Нелюбовь к красноречию, к риторике, к правовому формализму, ко всякому акценту на форме определила отношение Достоевского и Толстого к суду присяжных («Братья Карамазовы», «Воскресение»), к процедуре тайного голосования («Анна Каренина»). Симпатии Толстого на стороне Денисова, которому не по нраву тугендбунд, – уж лучше русский бунт, шутит Денисов. Лучше воля, чем свобода. Единственная свобода, которой Достоевский всегда верен, – это внутренняя, духовная свобода. И опирается она не на конституцию, а на созерцание абсолютно свободного существа – Христа.
Известное равновесие внешней свободы (связанной с царством закона) и внутренней благодатной свободы, равновесие свободы цивилизации и природной воли по-своему складывается в каждой культуре и в каждую эпоху. Более того, оно иное у каждой творческой личности; у Толстого больше природной воли: сцены охоты, косьбы, первого бала Наташи – апофеоз воли. Но в «Войне и мире» царство торжествующей воли отброшено на 50 лет в прошлое, в «Анне Карениной» оно рушится, и поздний Толстой – на развалинах воли. Достоевский прямо начинает с дисгармонии воли, с конфликта извращенной воли (своеволия) и внутренней свободы и находит истину в порыве к преображению, к внутренней свободе «сильно развитой личности» – из тупика своеволия, из глубины нравственного распада, из подполья. Заключить в одни скобки разные явления русской культуры очень трудно, и все же такие попытки были. Одна из самых интересных – в «Голосе из хора» Абрама Терца:
«Религия Св. Духа как-то отвечает нашим национальным физиономическим чертам – природной бесформенности (которую со стороны ошибочно принимают за дикость или за молодость нации), текучести, аморфности, готовности войти в любую форму (придите и володейте нами), нашим порокам или талантам мыслить и жить артистически при неумении налаживать повседневную жизнь как что-то вполне серьезное (зачем? кому это нужно? надолго ли? надоело! сойдет и так!). В этом смысле Россия – самая благоприятная почва для опыта и фантазий художника, хотя его жизненная судьба бывает подчас ужасна.

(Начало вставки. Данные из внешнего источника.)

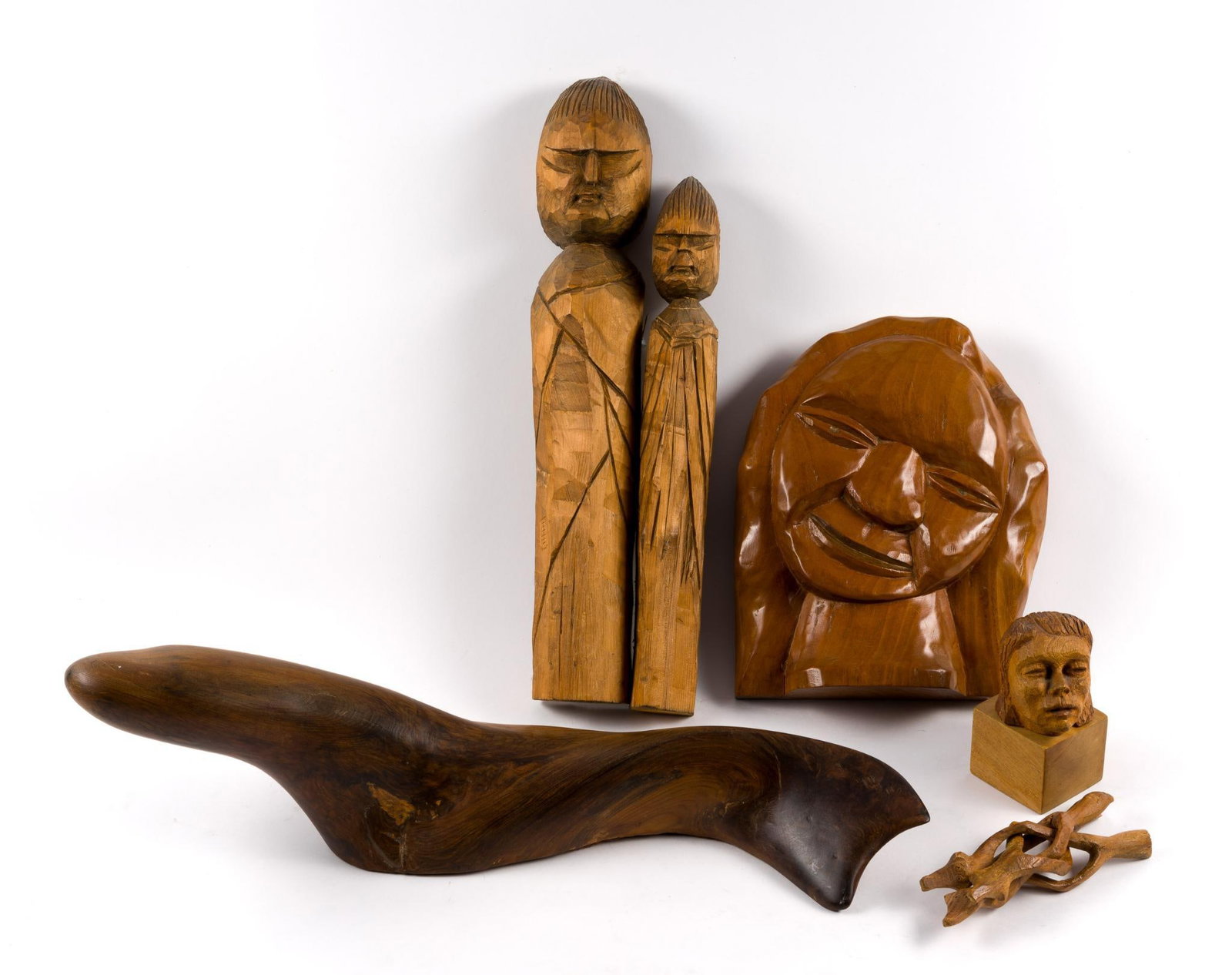 5 Carved Wood Figurines: Some signed. 5" to 20" wide x 3-1/2" to 5-1/2" high.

От духа – мы чутки ко всяким идейным веяниям, настолько, что в какой-то момент теряем язык и лицо и становимся немцами, французами, евреями и, опомнившись, из духовного плена бросаемся в противоположную крайность, закостеневаем в подозрительности и низколобой вражде ко всему иноземному. Слово – не воробей, вылетит – не поймаешь. Слово для нас настолько весомо (духовно), что заключает материальную силу, требует охраны, цензуры. Мы – консерваторы, оттого что мы – нигилисты, и одно оборачивается другим и замещает другое в истории. Но все это оттого, что Дух веет, где хочет, и, чтобы нас не сдуло, мы, едва отлетит он, застываем коростой обряда, льдом формализма, буквой указа, стандарта. Мы держимся за форму, потому что нам не хватает формы; пожалуй, это единственное, чего нам не хватает; у нас не было и не может быть иерархии или структуры (для этого мы слишком духовны), и мы свободно циркулируем из нигилизма в консерватизм и обратно.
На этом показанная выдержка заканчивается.